** Exercise prompt **
Could you transcribe exactly the lines below, from the line with "this 540×289 image." through the line with "this 250×188 image.", and nothing else, leaving out the pictures?

** Material provided **
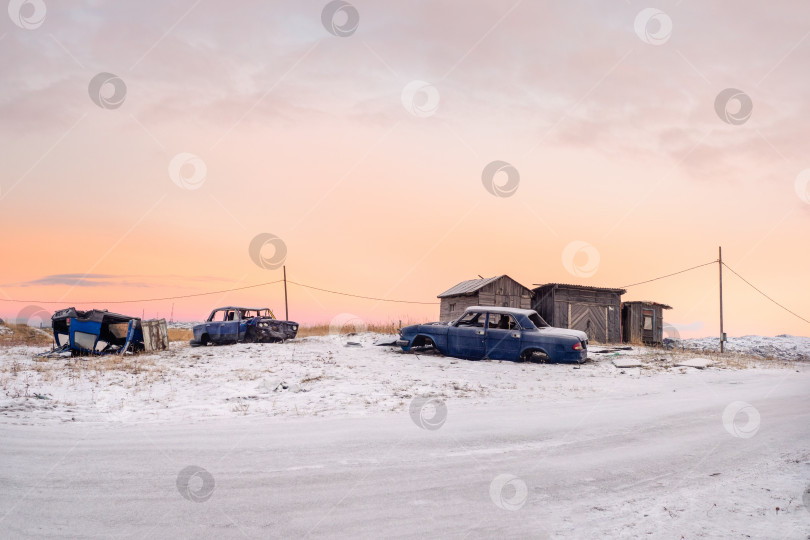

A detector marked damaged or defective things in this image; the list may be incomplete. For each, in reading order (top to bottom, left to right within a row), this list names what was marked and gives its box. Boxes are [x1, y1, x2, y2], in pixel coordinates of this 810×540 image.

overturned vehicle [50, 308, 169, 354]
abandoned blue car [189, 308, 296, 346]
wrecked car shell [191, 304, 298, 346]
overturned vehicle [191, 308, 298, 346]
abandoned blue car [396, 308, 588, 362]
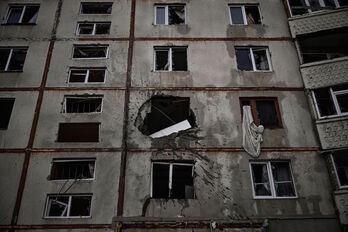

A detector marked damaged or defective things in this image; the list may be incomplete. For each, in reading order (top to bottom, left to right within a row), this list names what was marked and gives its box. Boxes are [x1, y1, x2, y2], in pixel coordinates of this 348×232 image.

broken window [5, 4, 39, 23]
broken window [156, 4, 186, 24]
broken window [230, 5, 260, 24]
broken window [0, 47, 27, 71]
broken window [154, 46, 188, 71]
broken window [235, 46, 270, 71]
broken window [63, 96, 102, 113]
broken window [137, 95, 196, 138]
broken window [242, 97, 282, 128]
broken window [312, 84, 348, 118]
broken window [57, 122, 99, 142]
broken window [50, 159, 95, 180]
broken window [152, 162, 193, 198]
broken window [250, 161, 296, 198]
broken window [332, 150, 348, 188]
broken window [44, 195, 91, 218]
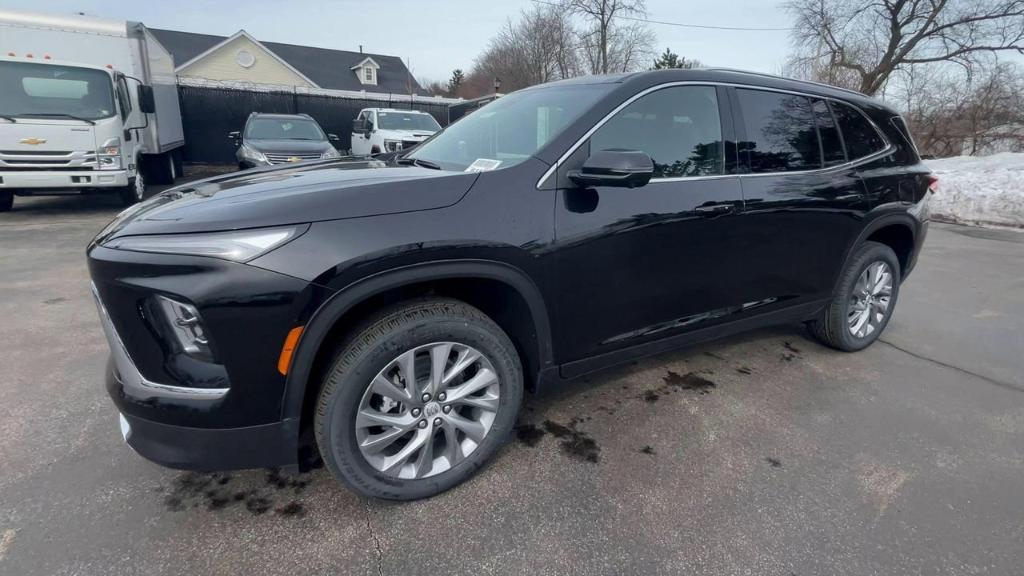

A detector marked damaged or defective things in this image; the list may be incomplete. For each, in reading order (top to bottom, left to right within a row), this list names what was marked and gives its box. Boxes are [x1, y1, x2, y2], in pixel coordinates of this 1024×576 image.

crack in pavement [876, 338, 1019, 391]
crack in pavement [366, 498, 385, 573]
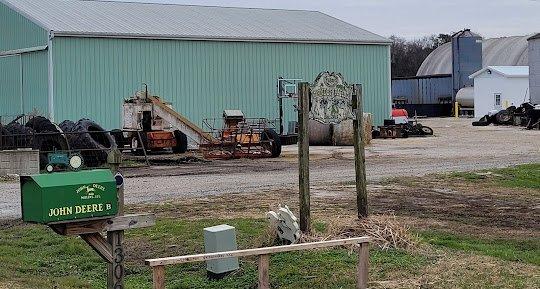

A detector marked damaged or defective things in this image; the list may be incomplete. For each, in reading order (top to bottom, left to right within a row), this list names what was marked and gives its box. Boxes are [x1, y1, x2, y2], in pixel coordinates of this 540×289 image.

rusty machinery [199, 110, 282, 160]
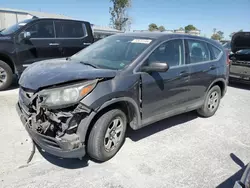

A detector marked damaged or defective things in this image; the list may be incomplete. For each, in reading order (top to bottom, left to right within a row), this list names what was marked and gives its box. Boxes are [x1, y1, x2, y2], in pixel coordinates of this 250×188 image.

---

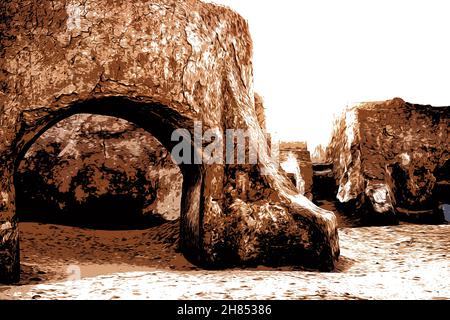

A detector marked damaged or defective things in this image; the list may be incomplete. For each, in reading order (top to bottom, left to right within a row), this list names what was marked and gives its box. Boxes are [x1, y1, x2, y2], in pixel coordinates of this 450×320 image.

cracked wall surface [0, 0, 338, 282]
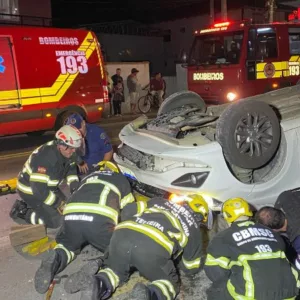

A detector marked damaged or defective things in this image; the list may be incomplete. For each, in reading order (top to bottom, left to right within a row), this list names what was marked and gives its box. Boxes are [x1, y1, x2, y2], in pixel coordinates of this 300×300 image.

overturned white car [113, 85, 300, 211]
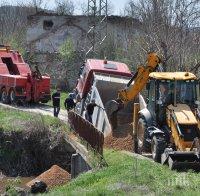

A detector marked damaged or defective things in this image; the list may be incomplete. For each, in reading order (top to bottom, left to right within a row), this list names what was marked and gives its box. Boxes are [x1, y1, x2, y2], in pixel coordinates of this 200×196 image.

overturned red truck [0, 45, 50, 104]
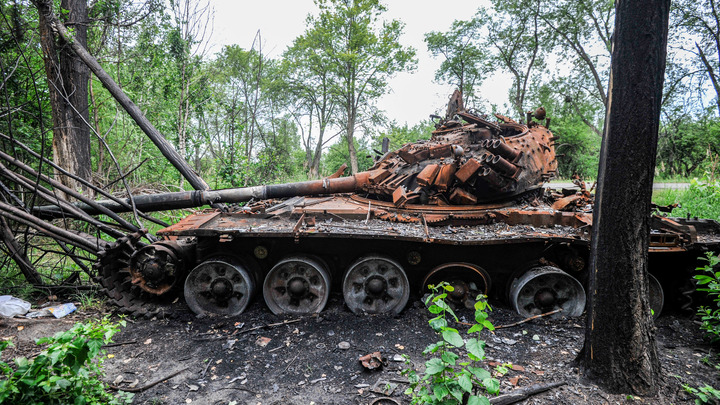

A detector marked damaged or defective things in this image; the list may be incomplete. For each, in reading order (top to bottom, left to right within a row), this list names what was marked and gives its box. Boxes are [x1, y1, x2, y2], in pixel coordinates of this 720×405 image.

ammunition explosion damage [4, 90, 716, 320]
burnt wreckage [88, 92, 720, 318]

** Task solution **
A detector marked damaged or defective things in this image; the list may be incomplete. For each, in reading order (top to bottom, left to right within a row), this list names what was marked and gives its box. Boxes are [x1, y1, x2, y2], in pixel coordinates of this 540×289 image.

rusty machinery [199, 110, 282, 160]

A detector marked damaged or defective things in this image; the list may be incomplete. For each, in reading order (top to bottom, left to right within a row), this list names what was marked and gives its box. Boxes are [x1, y1, x2, y2], in pixel coordinates of this 250×188 image.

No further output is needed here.